*Task prompt*
Pictures in the listing below are skipped, while the lines from the "drone / aerial" line through the "Philippine President Rodrigo" line are returned word for word.

*Record set*
*** Begin section ***

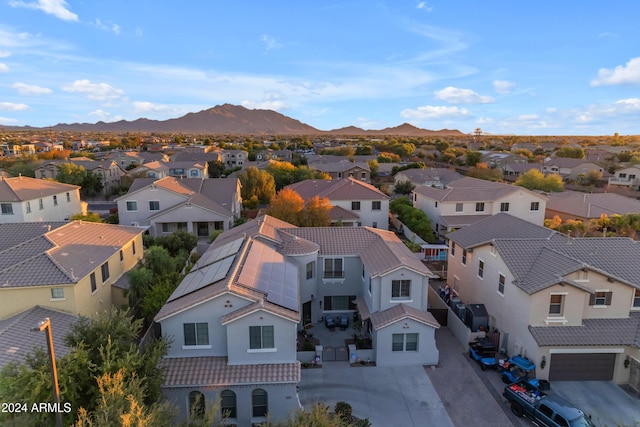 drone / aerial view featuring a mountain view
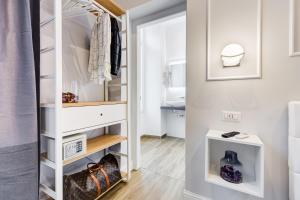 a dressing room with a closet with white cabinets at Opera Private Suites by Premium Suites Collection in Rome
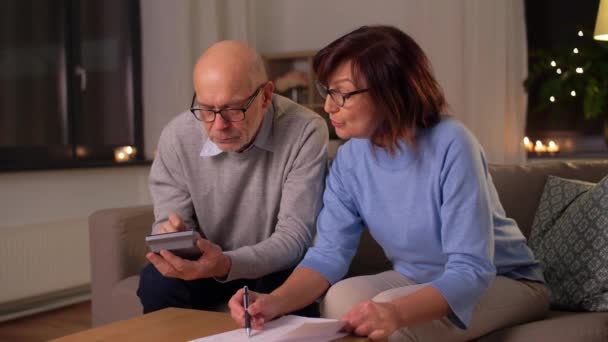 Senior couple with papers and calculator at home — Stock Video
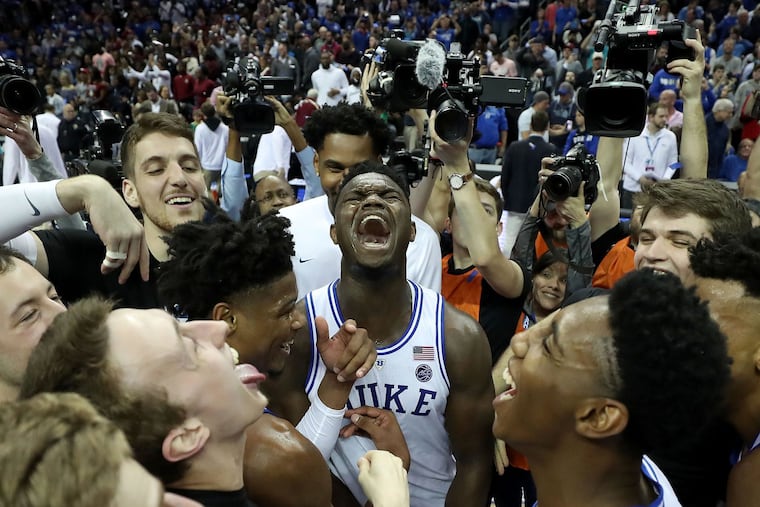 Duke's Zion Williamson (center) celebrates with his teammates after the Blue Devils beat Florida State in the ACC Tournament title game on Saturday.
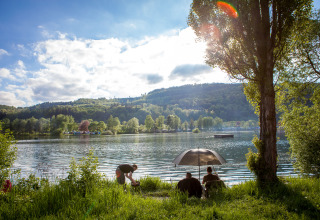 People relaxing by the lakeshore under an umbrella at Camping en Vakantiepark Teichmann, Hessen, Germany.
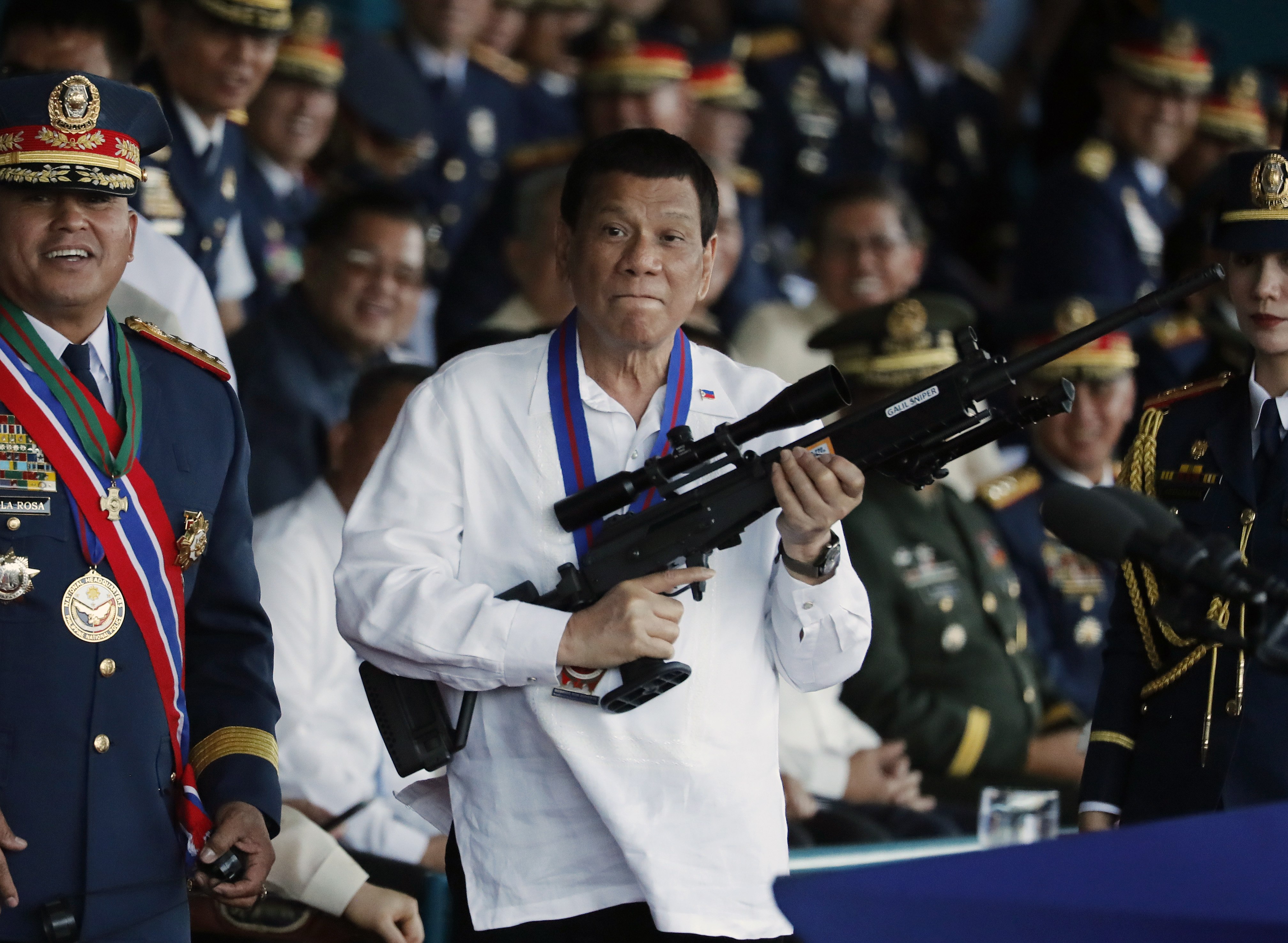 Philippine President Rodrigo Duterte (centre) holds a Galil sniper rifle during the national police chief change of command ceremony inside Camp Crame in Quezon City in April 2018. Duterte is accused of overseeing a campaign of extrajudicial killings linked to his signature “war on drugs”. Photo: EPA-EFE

*** End section ***
*** Begin section ***

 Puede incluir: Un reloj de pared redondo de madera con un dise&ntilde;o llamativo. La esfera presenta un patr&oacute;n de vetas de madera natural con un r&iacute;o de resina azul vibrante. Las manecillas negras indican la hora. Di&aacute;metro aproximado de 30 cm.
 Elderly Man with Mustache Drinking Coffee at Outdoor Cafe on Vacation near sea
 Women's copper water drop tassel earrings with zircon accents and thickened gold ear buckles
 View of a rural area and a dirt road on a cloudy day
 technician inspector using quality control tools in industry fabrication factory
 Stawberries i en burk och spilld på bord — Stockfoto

*** End section ***
*** Begin section ***

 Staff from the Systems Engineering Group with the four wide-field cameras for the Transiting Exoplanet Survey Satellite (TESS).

*** End section ***

*Solution to the exercise*
 drone / aerial view featuring a mountain view
 a dressing room with a closet with white cabinets at Opera Private Suites by Premium Suites Collection in Rome
 Senior couple with papers and calculator at home — Stock Video
 Duke's Zion Williamson (center) celebrates with his teammates after the Blue Devils beat Florida State in the ACC Tournament title game on Saturday.
 People relaxing by the lakeshore under an umbrella at Camping en Vakantiepark Teichmann, Hessen, Germany.
 Philippine President Rodrigo Duterte (centre) holds a Galil sniper rifle during the national police chief change of command ceremony inside Camp Crame in Quezon City in April 2018. Duterte is accused of overseeing a campaign of extrajudicial killings linked to his signature “war on drugs”. Photo: EPA-EFE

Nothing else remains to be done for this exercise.